CHIEF (HON.) NKWO NNABUCHI & ORS V. I.G.P.  & ORS (2025) 8 NWLR (PT. 1993) 495

ON WHETHER APPEAL LIES AGAINST OBITER DICTUM

An appeal does not lie against an obiter dictum of the lower court. An appeal or ground of appeal against mere obiter dictum is incompetent. Where an opinion or remark is expressed by a Judge and such an opinion amounts to nothing and is baseless, it is not appealable. In the instant case, the appeal was directed at a passing remark of the Court of Appeal. It was therefore, a misuse and abuse of the processes of the court. It was incompetent and was struck out. [Agbabiaka v. F.B.N. Plc  (2020) 6 NWLR(Pt. 1719) 77Umar v. F.R.N.  (2021) 4 NWLR (Pt.1766) 291Abba v. Abba-Aji  (2022) 11 NWLR(Pt. 1842) 535; Ado (Dangajere) v. State  (2017) 15NWLR (Pt. 1587) 65; National Democratic Party v.I.N.E.C.  (2013) 6 NWLR (Pt 1350) 392 referred to.](Pp. 510-511, paras. F-C)

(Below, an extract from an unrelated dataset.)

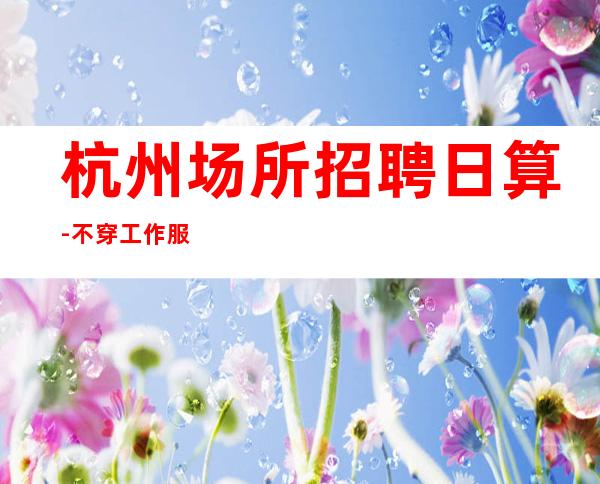 杭州场所招聘日算-不穿工作服不收杂费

MR. PATRICK OKECHUKWU UBABUIKE V. G.T.B. PLC & ANOR (2025) 8 NWLR (PT. 1993) 427

ON WHETHER SUPREME COURT HAS APPELLATE JURISDICTION OVER A MATTER WHERE COURT OF APPEAL LACKED SAME

Where the Court of Appeal lacks the requisite competence or jurisdiction, by being wrongly constituted, to deliver the judgment appealed against, the Supreme Court is also automatically robbed of the judicial vires or jurisdiction to adjudicate over the appeal on the merit. [Oke v. Mimiko (2014) 1 NWLR (Pt. 88) 225; A.P.C. v.  Marafa (2020) 6 NWLR (Pt. 1721) 383; B.O.I. Ltd. Awojugbagbe Light Ind. Ltd. (2018) 6 NWLR (Pt.1615) 220; Ezenwankwo v. APGA (2022) 18 NWLR(Pt.1863) 537 referred to.] (P. 450, paras. G-H)

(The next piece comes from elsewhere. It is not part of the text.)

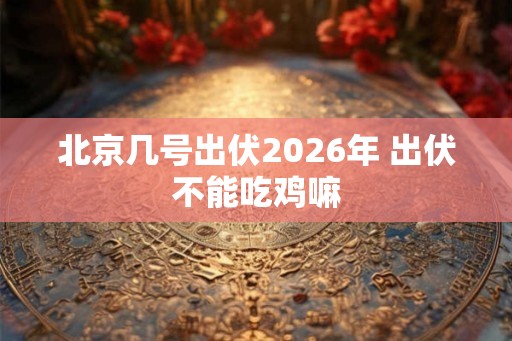 北京几号出伏2026年 出伏不能吃鸡嘛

ADEYEMI V. A.P.C. (2024) 4 NWLR (PT. 1927) 63

ON DETERMINATION OF WHETHER GROUNDS OF APPEAL AGAINST CONCURRENT FINDINGS OF FACT BY TWO LOWER COURTS DISCLOSE TRIABLE AND REASONABLE COMPLAINT

In determining whether grounds of appeal against the concurrent findings of fact by two lower courts disclose any triable or reasonable complaint, the scope of the power of the Supreme Court to determine such an appeal is limited only to the complaint that the decision is perverse in that the inference or findings of facts is or are not supported by the evidence or that there is serious violation of some principle of law or procedure that has occasioned a miscarriage of justice. Therefore, only a complaint that the decision appealed against is perverse in that the inference or findings of facts is or are not supported by the evidence or that there is a serious violation of some principle of law or procedure that has occasioned a miscarriage of justice is triable and reasonable. (Pp. 92-93, paras. H-B).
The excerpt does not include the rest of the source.